▶ [Data]:
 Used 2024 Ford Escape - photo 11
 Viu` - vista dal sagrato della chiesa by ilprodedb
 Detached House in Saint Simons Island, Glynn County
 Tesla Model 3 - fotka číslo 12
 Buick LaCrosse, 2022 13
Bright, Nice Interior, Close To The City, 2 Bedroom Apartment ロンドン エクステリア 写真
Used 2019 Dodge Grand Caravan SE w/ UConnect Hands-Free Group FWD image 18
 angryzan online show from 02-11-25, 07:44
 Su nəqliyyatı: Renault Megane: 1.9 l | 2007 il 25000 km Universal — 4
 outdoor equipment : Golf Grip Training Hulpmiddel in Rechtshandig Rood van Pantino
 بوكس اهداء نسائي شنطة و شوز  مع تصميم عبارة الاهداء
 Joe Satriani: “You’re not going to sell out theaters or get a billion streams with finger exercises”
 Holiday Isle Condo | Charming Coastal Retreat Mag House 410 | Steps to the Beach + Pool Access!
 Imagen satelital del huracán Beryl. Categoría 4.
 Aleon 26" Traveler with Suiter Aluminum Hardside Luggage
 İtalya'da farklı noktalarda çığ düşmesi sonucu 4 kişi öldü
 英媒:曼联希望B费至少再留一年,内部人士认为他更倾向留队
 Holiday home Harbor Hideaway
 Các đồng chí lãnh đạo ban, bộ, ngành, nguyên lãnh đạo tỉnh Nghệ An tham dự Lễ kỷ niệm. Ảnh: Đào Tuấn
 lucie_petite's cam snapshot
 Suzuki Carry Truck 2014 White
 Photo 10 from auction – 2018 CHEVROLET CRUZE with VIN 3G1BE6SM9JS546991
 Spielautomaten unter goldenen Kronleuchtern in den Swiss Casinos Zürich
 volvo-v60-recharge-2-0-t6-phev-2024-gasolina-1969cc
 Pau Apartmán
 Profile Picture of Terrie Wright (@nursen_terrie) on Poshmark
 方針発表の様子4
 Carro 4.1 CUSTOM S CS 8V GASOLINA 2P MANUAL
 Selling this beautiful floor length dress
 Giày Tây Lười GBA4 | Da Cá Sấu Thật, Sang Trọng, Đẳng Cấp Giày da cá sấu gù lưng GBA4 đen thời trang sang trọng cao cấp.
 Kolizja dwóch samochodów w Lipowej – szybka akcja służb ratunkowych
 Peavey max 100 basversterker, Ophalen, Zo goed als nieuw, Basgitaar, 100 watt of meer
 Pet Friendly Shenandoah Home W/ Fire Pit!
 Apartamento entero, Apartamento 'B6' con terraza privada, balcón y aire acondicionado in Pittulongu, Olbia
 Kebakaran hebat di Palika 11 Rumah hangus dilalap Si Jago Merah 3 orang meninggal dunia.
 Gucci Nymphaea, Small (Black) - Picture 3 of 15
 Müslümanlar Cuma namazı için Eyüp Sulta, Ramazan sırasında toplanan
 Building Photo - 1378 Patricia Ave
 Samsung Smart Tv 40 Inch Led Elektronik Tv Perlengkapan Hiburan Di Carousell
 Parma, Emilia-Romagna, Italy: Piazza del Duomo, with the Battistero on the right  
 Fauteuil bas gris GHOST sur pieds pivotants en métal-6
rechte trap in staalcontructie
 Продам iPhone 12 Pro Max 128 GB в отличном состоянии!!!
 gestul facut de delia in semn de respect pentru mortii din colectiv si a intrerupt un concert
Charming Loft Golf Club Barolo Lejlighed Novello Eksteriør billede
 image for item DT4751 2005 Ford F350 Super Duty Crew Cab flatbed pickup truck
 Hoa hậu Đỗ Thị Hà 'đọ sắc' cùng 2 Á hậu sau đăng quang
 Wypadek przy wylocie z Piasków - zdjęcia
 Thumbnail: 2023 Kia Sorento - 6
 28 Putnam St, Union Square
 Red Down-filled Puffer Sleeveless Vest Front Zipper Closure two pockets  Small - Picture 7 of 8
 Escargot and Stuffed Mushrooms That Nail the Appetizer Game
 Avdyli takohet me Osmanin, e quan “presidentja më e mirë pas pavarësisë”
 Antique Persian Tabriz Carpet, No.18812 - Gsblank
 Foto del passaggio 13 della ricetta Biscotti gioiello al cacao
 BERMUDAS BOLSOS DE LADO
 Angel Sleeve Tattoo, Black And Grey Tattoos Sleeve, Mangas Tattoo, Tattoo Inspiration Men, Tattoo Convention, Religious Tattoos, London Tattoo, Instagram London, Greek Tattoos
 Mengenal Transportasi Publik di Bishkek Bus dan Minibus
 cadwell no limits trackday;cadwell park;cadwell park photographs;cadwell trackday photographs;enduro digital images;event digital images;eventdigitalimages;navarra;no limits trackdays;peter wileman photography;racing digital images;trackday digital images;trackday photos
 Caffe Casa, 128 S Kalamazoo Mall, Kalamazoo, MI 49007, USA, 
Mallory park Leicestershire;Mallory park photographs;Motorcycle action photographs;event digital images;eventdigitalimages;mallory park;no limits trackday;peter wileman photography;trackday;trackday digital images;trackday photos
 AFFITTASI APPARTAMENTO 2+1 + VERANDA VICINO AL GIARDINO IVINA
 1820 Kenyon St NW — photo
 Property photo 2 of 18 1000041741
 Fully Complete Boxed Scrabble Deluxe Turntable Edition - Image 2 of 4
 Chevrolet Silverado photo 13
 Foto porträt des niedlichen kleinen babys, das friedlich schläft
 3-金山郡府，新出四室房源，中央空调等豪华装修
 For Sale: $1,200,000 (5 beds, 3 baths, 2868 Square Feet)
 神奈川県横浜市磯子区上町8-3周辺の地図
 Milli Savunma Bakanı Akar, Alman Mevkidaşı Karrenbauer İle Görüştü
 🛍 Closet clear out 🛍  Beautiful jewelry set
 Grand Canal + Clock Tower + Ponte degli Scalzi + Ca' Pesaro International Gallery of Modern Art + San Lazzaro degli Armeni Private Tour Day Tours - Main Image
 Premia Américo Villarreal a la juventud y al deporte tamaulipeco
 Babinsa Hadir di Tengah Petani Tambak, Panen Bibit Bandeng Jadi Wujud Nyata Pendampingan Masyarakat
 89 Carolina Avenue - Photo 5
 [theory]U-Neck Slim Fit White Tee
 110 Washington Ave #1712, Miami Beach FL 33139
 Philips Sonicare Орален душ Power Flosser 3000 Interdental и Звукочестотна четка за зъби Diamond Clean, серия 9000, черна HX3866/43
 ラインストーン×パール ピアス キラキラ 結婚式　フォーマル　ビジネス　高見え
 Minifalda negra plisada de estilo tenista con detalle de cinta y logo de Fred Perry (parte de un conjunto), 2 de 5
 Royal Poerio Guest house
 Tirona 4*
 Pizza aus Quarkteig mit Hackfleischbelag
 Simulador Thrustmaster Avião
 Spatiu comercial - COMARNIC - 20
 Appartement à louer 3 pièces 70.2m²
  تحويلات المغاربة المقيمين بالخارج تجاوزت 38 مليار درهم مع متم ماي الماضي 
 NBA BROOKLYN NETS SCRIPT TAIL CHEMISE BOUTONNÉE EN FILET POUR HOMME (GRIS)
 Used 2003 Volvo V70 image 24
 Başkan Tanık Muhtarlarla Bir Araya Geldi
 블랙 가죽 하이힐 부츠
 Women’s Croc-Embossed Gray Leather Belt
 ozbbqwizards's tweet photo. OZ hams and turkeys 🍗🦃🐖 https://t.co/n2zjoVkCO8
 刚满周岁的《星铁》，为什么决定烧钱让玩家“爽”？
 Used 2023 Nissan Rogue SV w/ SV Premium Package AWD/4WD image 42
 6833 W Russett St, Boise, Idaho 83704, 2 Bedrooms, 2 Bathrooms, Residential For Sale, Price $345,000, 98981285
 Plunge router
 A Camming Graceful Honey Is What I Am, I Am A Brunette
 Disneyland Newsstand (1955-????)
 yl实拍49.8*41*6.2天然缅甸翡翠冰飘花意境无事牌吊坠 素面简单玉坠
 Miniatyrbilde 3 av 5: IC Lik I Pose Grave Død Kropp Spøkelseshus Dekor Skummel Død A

▶ [Instructions for the task]: Look above for the line with "1820 Kenyon St NW — photo" and the line with "yl实拍49.8*41*6.2天然缅甸翡翠冰飘花意境无事牌吊坠 素面简单玉坠", and reproduce exactly those two lines plus every line between, nothing more.

▶ [Answer space]:
 1820 Kenyon St NW — photo
 Property photo 2 of 18 1000041741
 Fully Complete Boxed Scrabble Deluxe Turntable Edition - Image 2 of 4
 Chevrolet Silverado photo 13
 Foto porträt des niedlichen kleinen babys, das friedlich schläft
 3-金山郡府，新出四室房源，中央空调等豪华装修
 For Sale: $1,200,000 (5 beds, 3 baths, 2868 Square Feet)
 神奈川県横浜市磯子区上町8-3周辺の地図
 Milli Savunma Bakanı Akar, Alman Mevkidaşı Karrenbauer İle Görüştü
 🛍 Closet clear out 🛍  Beautiful jewelry set
 Grand Canal + Clock Tower + Ponte degli Scalzi + Ca' Pesaro International Gallery of Modern Art + San Lazzaro degli Armeni Private Tour Day Tours - Main Image
 Premia Américo Villarreal a la juventud y al deporte tamaulipeco
 Babinsa Hadir di Tengah Petani Tambak, Panen Bibit Bandeng Jadi Wujud Nyata Pendampingan Masyarakat
 89 Carolina Avenue - Photo 5
 [theory]U-Neck Slim Fit White Tee
 110 Washington Ave #1712, Miami Beach FL 33139
 Philips Sonicare Орален душ Power Flosser 3000 Interdental и Звукочестотна четка за зъби Diamond Clean, серия 9000, черна HX3866/43
 ラインストーン×パール ピアス キラキラ 結婚式　フォーマル　ビジネス　高見え
 Minifalda negra plisada de estilo tenista con detalle de cinta y logo de Fred Perry (parte de un conjunto), 2 de 5
 Royal Poerio Guest house
 Tirona 4*
 Pizza aus Quarkteig mit Hackfleischbelag
 Simulador Thrustmaster Avião
 Spatiu comercial - COMARNIC - 20
 Appartement à louer 3 pièces 70.2m²
  تحويلات المغاربة المقيمين بالخارج تجاوزت 38 مليار درهم مع متم ماي الماضي 
 NBA BROOKLYN NETS SCRIPT TAIL CHEMISE BOUTONNÉE EN FILET POUR HOMME (GRIS)
 Used 2003 Volvo V70 image 24
 Başkan Tanık Muhtarlarla Bir Araya Geldi
 블랙 가죽 하이힐 부츠
 Women’s Croc-Embossed Gray Leather Belt
 ozbbqwizards's tweet photo. OZ hams and turkeys 🍗🦃🐖 https://t.co/n2zjoVkCO8
 刚满周岁的《星铁》，为什么决定烧钱让玩家“爽”？
 Used 2023 Nissan Rogue SV w/ SV Premium Package AWD/4WD image 42
 6833 W Russett St, Boise, Idaho 83704, 2 Bedrooms, 2 Bathrooms, Residential For Sale, Price $345,000, 98981285
 Plunge router
 A Camming Graceful Honey Is What I Am, I Am A Brunette
 Disneyland Newsstand (1955-????)
 yl实拍49.8*41*6.2天然缅甸翡翠冰飘花意境无事牌吊坠 素面简单玉坠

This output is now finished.